Supplied material START

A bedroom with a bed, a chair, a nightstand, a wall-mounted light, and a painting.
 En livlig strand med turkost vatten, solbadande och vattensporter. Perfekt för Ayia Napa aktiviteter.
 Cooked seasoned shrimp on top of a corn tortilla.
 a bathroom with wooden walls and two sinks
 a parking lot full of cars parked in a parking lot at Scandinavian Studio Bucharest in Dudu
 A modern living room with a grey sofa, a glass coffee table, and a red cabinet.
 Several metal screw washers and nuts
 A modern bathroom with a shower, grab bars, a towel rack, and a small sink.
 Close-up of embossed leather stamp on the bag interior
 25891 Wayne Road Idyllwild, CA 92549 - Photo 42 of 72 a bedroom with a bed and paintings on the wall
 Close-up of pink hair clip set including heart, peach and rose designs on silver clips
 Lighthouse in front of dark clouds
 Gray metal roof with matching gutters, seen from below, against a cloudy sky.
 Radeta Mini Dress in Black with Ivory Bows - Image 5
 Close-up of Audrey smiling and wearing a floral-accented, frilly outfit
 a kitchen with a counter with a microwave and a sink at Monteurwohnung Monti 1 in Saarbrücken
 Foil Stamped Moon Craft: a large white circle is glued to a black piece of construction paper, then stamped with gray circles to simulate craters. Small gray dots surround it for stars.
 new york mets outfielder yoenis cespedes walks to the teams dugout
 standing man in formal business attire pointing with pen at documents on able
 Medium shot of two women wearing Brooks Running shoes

Supplied material END

Problem to solve:
Reproduce, exactly, all the lines shown above.

Task response:
A bedroom with a bed, a chair, a nightstand, a wall-mounted light, and a painting.
 En livlig strand med turkost vatten, solbadande och vattensporter. Perfekt för Ayia Napa aktiviteter.
 Cooked seasoned shrimp on top of a corn tortilla.
 a bathroom with wooden walls and two sinks
 a parking lot full of cars parked in a parking lot at Scandinavian Studio Bucharest in Dudu
 A modern living room with a grey sofa, a glass coffee table, and a red cabinet.
 Several metal screw washers and nuts
 A modern bathroom with a shower, grab bars, a towel rack, and a small sink.
 Close-up of embossed leather stamp on the bag interior
 25891 Wayne Road Idyllwild, CA 92549 - Photo 42 of 72 a bedroom with a bed and paintings on the wall
 Close-up of pink hair clip set including heart, peach and rose designs on silver clips
 Lighthouse in front of dark clouds
 Gray metal roof with matching gutters, seen from below, against a cloudy sky.
 Radeta Mini Dress in Black with Ivory Bows - Image 5
 Close-up of Audrey smiling and wearing a floral-accented, frilly outfit
 a kitchen with a counter with a microwave and a sink at Monteurwohnung Monti 1 in Saarbrücken
 Foil Stamped Moon Craft: a large white circle is glued to a black piece of construction paper, then stamped with gray circles to simulate craters. Small gray dots surround it for stars.
 new york mets outfielder yoenis cespedes walks to the teams dugout
 standing man in formal business attire pointing with pen at documents on able
 Medium shot of two women wearing Brooks Running shoes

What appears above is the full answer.